There is one cloud, however, that even my parents would agree we may need to get our heads into if we want to succeed. Cloud computing is starting to billow, and soon could be taking the business world by storm.
For those not familiar with this marriage of technical and meteorological terminology, cloud computing is the name given to the ability to purchase a wide range of data resources -- from mainframe MIPS to virtual servers to data storage to applications -- from a virtual "cloud" of third-party providers. Users pay only for the amount of resources being used, and can increase or decrease capacity as needed.
The cloud-computing concept is not new. In the mid-1990s I implemented an ATM network -- Asynchronous Transport Mode, not automated teller machine -- for a large financial corporation. During the RFP process, one vendor presented a scenario in which offices and homes would use their ATM network to access public data-centers and purchase computing, storage and voice services as needed.
Fast-forward 10 years, replace the ATM network connection with MPLS/Ethernet/IP connectivity, move the public data-resources to third-party providers, and you basically have cloud computing.
Many vendors already are offering components of cloud computing. Salesforce.com and Oracle provide pay-as-you-go CRM products. Google provides a full range of office-productivity products through Google Apps. Amazon.com is beta-testing Elastic Compute Cloud, which will provide virtual servers onto which users can load software of their choice. The list grows every day as more providers enter the cloud-computing arena.

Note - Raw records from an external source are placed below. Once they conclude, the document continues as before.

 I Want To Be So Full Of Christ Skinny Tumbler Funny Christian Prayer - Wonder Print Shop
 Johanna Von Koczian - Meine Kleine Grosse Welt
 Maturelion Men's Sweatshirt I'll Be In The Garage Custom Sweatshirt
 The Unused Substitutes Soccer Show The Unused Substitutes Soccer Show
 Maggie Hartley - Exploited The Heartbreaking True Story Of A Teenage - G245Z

Cloud computing potentially could reduce IT costs significantly. I have been using what could be considered cloud computing -- albeit at a much smaller scale -- for a few years. I own multiple Web sites and use third-party vendors to provide hosting, database, network, storage, e-mail, and auto-responder services. I also use vendor-provided tools for site development and site management. Every year when the bill comes to pay for these services, I rerun the numbers for doing it myself; and every year I write out a check to the providers. Purchasing computing resources on an as-needed basis is significantly less expensive than doing it myself.
If you increase the scope of services from my fairly insignificant needs to those required for enterprise computing, the potential exists for companies to achieve significant savings by using cloud computing.

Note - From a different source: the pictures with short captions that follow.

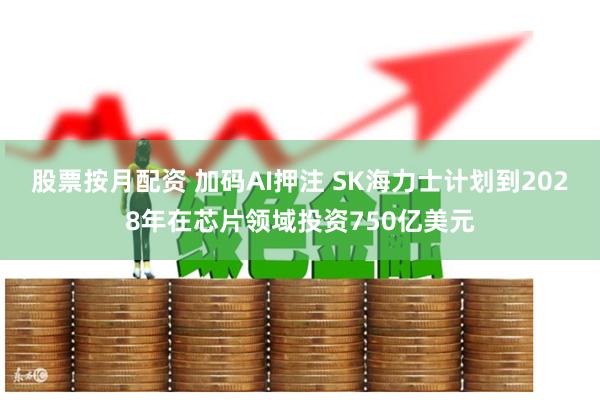 股票按月配资 加码AI押注 SK海力士计划到2028年在芯片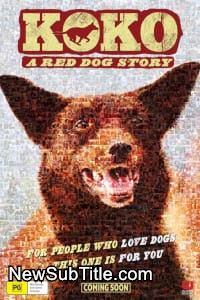 زیر‌نویس فارسی فیلم Koko: A Red Dog Story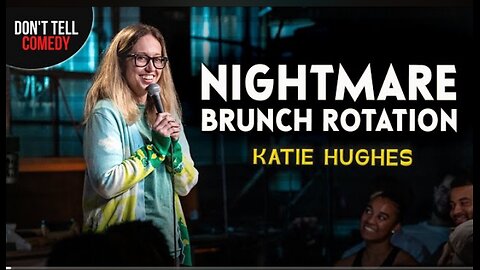 Why Brunch Sucks | Katie Hughes | Stand Up Comedy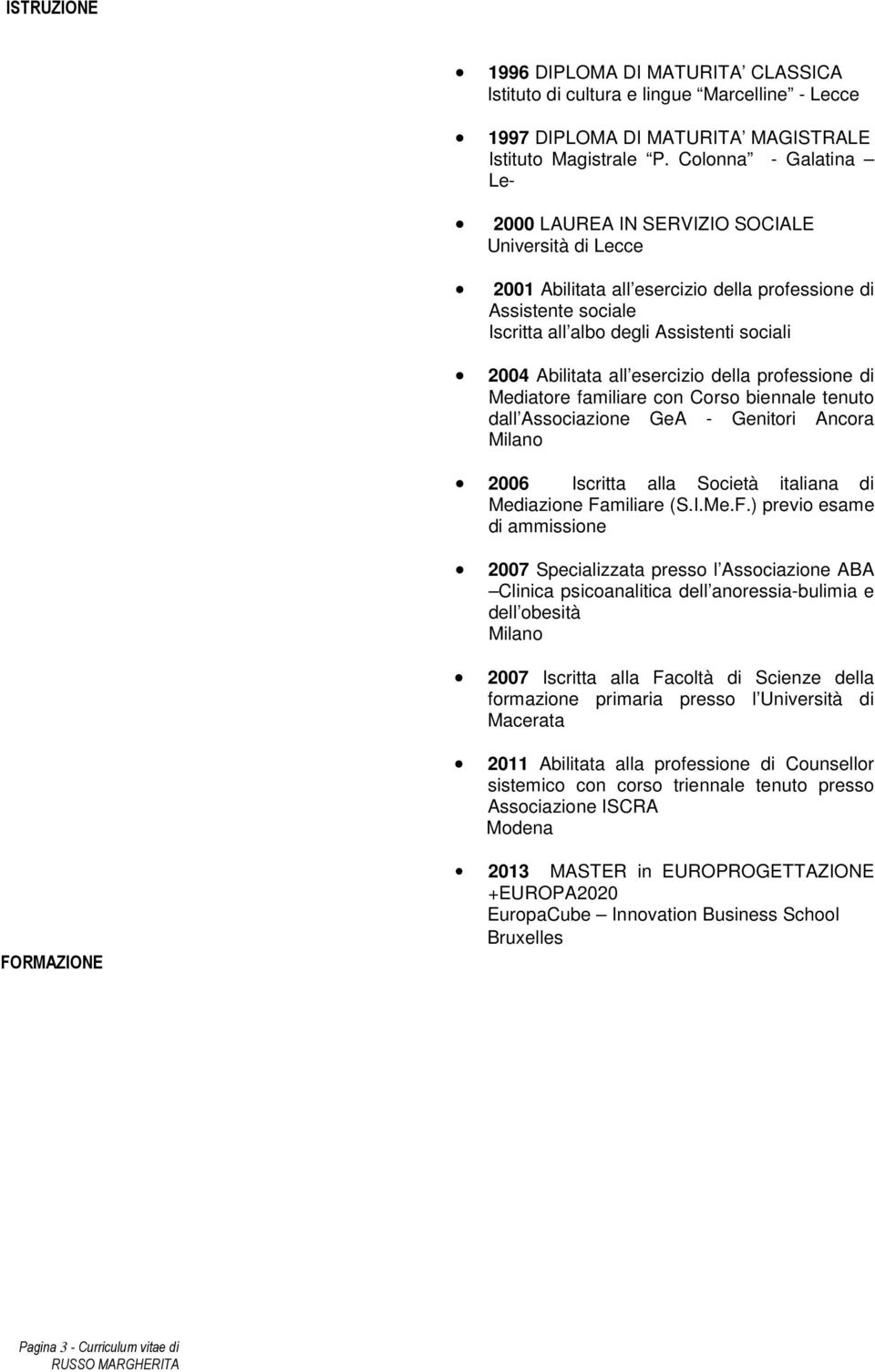 Abilitata all esercizio della professione di Mediatore familiare con Corso biennale tenuto dall Associazione GeA - Genitori Ancora Milano 2006 Iscritta alla Società italiana di Mediazione Familiare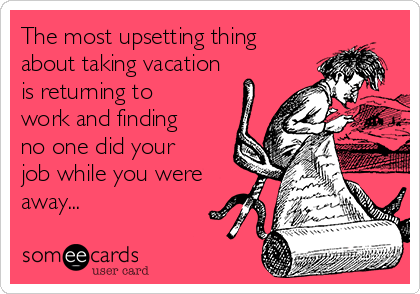 The most upsetting thing
about taking vacation
is returning to
work and finding
no one did your
job while you were
away...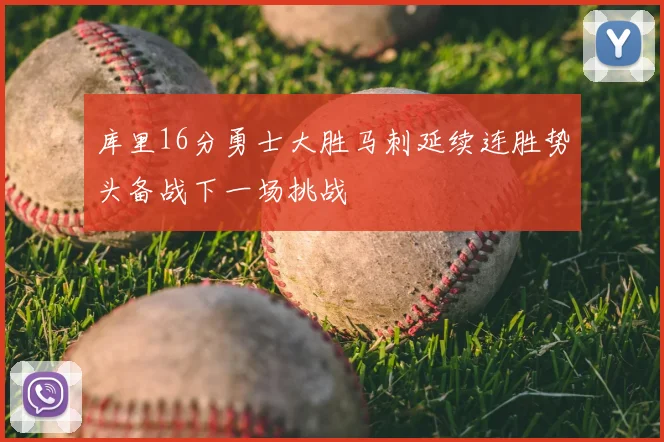 库里16分勇士大胜马刺延续连胜势头备战下一场挑战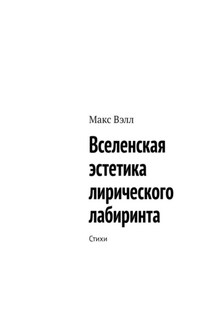 Вселенская эстетика лирического лабиринта. Стихи - Макс Вэлл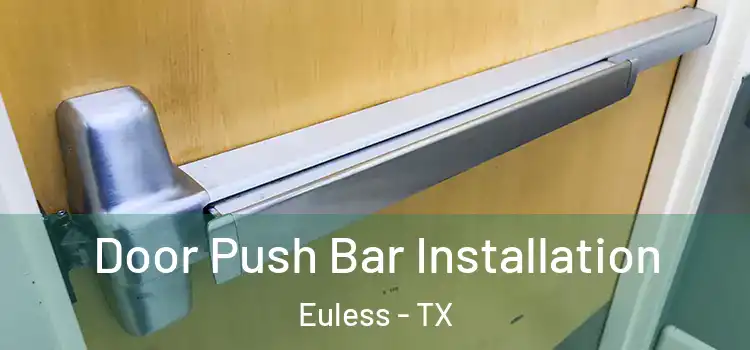Door Push Bar Installation Euless - TX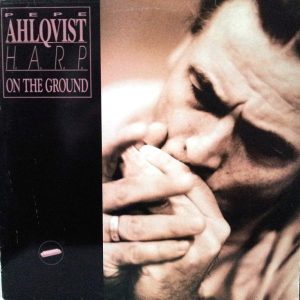 Pepe Ahlqvist H.A.R.P. : On The Ground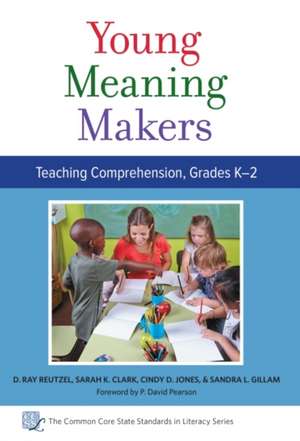 Young Meaning Makers, Teaching Comprehension, Grades K-2 de D. Ray Reutzel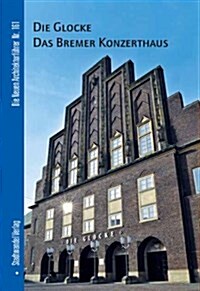 Die Glocke: Das Bremer Konzerthaus (Paperback)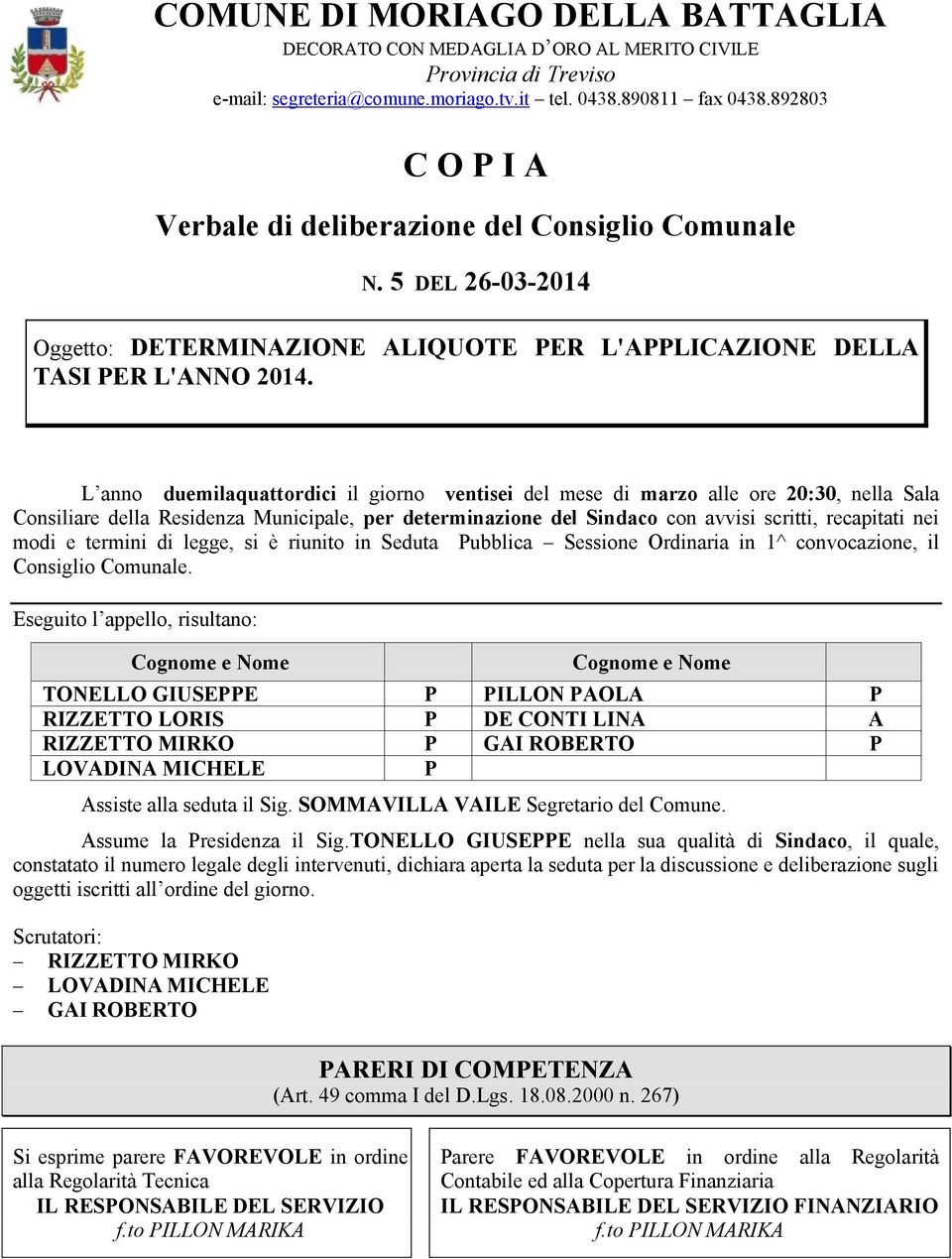 L anno duemilaquattordici il giorno ventisei del mese di marzo alle ore 20:30, nella Sala Consiliare della Residenza Municipale, per determinazione del Sindaco con avvisi scritti, recapitati nei modi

According to recently published reports from Gartner and Forrester Research, the impact of cloud computing will be huge, and potentially could upend IT. Both companies also note, however, that cloud computing is still evolving and needs more time to mature.
So, while I'll continue to rely on my small "cloud" to provide my Web-hosting services, I'm not ready yet to recommend that companies start disbanding their IT departments and jump on a cumulus enterprise-computing cloud. However, I do recommend that every IT group start gazing at this cloud to see what shape it takes. There may be value in getting your head into this cloud.